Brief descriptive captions
_ _ _ _
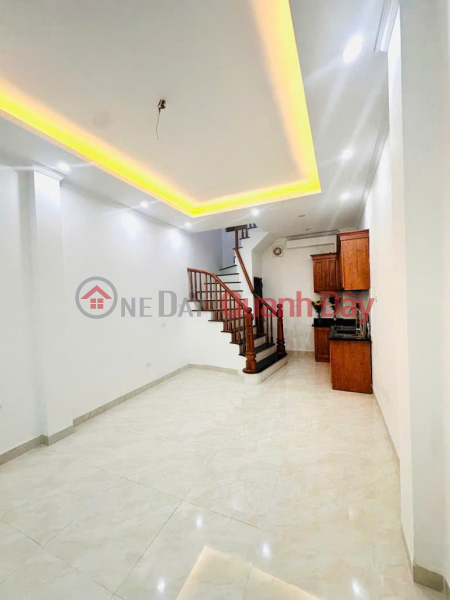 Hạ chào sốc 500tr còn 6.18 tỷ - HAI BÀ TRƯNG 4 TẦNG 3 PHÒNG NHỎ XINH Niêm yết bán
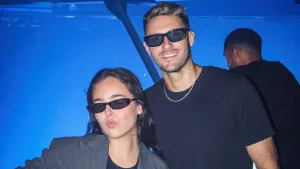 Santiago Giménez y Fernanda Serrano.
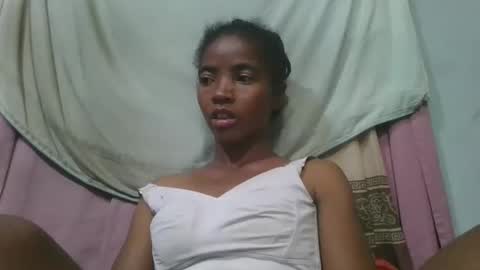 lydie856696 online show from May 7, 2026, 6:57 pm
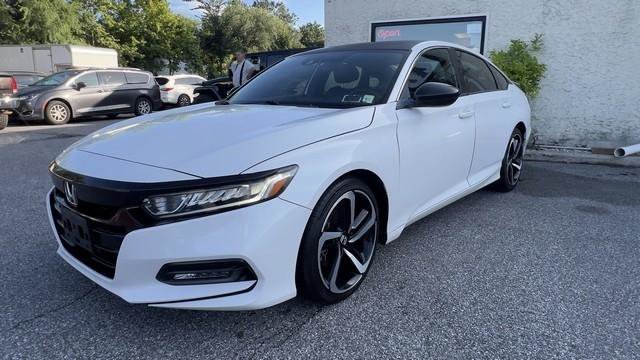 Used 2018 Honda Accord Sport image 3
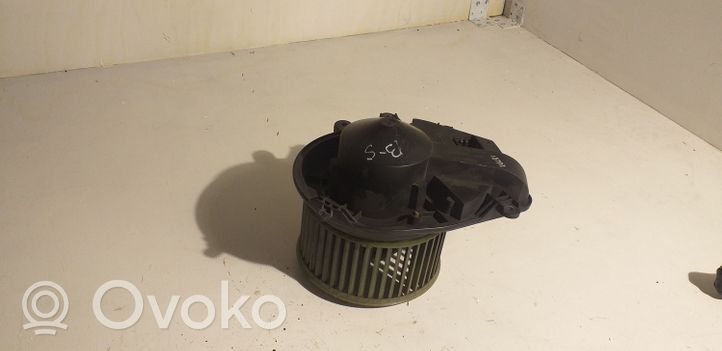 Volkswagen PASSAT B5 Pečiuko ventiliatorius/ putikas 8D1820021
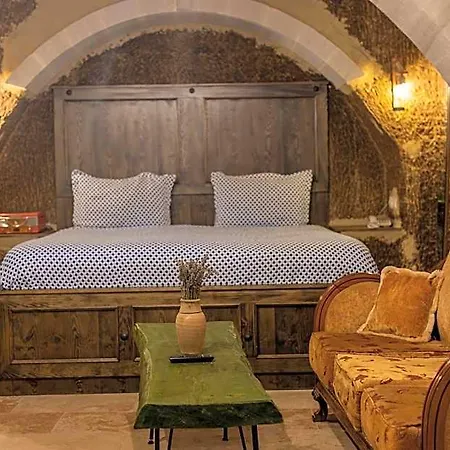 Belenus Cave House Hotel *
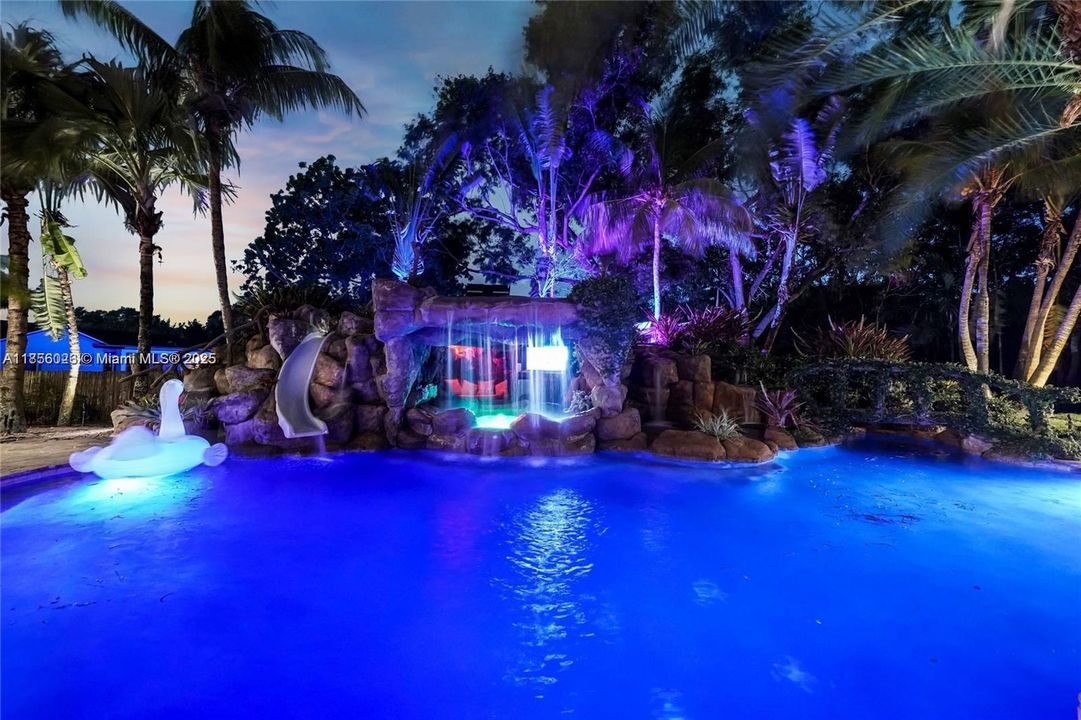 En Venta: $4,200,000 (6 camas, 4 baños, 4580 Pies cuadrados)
_ _ _ _
# EXERCISE INSTRUCTIONS
Output the data above verbatim, pictures excluded.

# ANSWER BOX
 Hạ chào sốc 500tr còn 6.18 tỷ - HAI BÀ TRƯNG 4 TẦNG 3 PHÒNG NHỎ XINH Niêm yết bán
 Santiago Giménez y Fernanda Serrano.
 lydie856696 online show from May 7, 2026, 6:57 pm
 Used 2018 Honda Accord Sport image 3
 Volkswagen PASSAT B5 Pečiuko ventiliatorius/ putikas 8D1820021
 Belenus Cave House Hotel *
 En Venta: $4,200,000 (6 camas, 4 baños, 4580 Pies cuadrados)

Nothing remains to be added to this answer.